Just as our skin and body benefit from a healthy diet, eating well and getting some key nutrients into our diet ensures that our hair stays healthy too!
Biotin, Vitamin B and Iron:
These nutrients are exceptionally recognised for hair growth. Vitamin B is essential for the formation of haemoglobin which carries nutrients and oxygen to the tissues in the body. Deficiency of any of these vitamins is like cutting the roots of a plant, leading to its death. Get your iron from food cooked in cast iron vessels. Other sources include roasted chana, watercress seeds, amaranth chikki or ladoo, peas, rajma, chickpeas and cashews. The non-vegetarian sources of B vitamins are meat, chicken, fish and eggs. And the best bet for plant-based sources are leafy vegetables, almonds, cauliflower, mushrooms, avocado, beets, broccoli, wheat germ and bran, and some fortified cereals.
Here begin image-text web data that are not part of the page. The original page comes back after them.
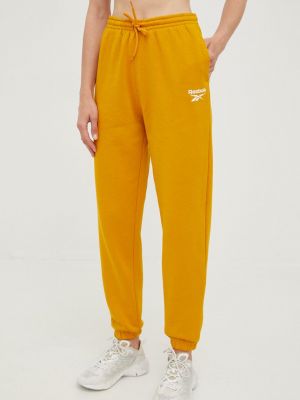 Reebok pantaloni de trening femei, culoarea portocaliu, neted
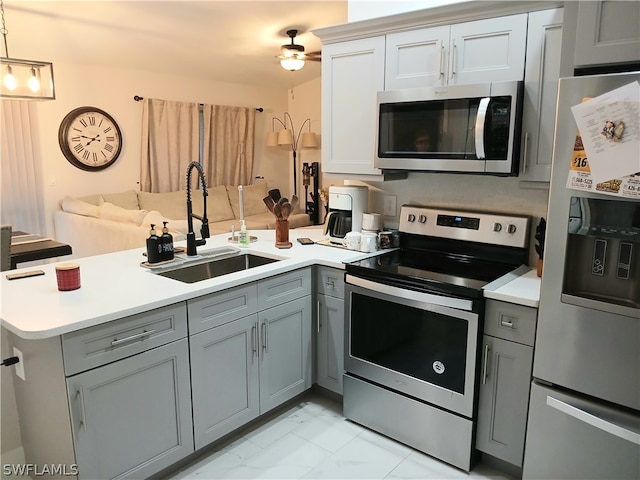 kitchen with gray cabinetry, sink, kitchen peninsula, decorative light fixtures, and appliances with stainless steel finishes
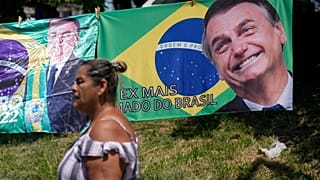 A woman walks past a banner featuring the Brazilian national flag and an image of former President Jair Bolsonaro.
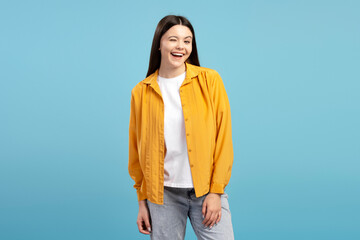 Cheerful young girl winking and smiling on blue background
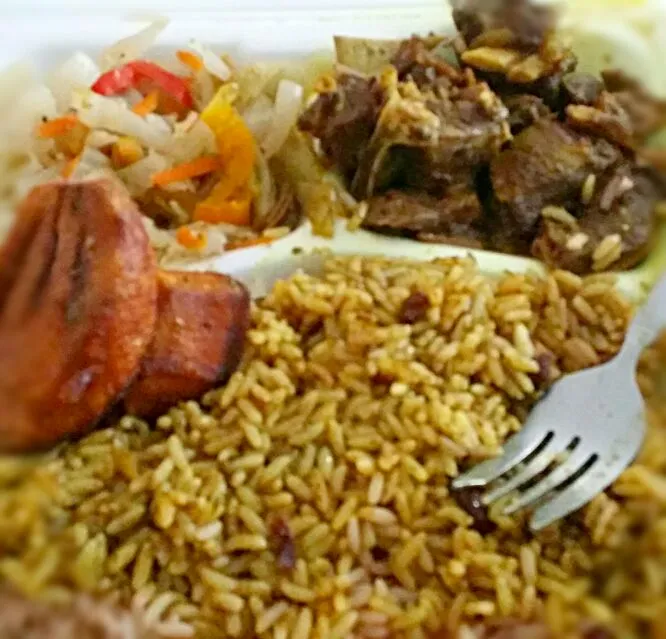 Snapdishの料理写真:Curry goat  cabbage rice and peas|christl babcockさん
Scalp conditions like dandruff and hair loss are associated with zinc deficiency. Zinc is a mineral that is important for hair growth and repair. A diet deficit in this micronutrient can reduce the overall thickness of your hair. For your daily dose of zinc, load up on whole-grain products, dals, dalia, nuts, pumpkin seeds and legumes. The other animal sources of zinc include seafood, poultry, mussels, shrimp and oysters. Milk and eggs also supply smaller amounts of zinc.
Hair and nails are primarily made of a protein called keratin and it is important to have protein-rich foods if you’re looking to hold a healthful boom of your mane. Stick to leaner proteins such as fish, chicken, soy products, low-fat cheese, eggs, almonds, brazil nuts, walnuts, beans, and yogurt, milk, paneer.
Rapid weight loss or participating in a fad diet that is not nutritionally sound can cause imbalances and hormonal changes in the body, thereby resulting in increased weight loss.
Staying hydrated is a necessity, regardless of what the thermometer says. Water keeps each and every cell in the body functioning properly. Do not just wash your hair in it, drink lots of it too and you’ll be amazed by the wonders it does on your hair, skin and body.
Note: Rapid weight loss or participating in a fad diet that is not nutritionally sound can cause imbalances and hormonal changes in the body, thereby resulting in increased weight loss.Beauty comes from within so what you eat will have an enormous impact on the health of your hair and body. Whether you are a vegetarian, non-vegetarian or an eggetarian, make a conscious effort of getting your daily intake of protein, vitamins and minerals. If you feel a lack of nutrients or you have a genuine deficiency which is impairing your hair growth, it is time to add the above-mentioned foods to your diet. However, if you have noticed unusual and sudden hair loss recently, consult your dermatologist. Happy eating!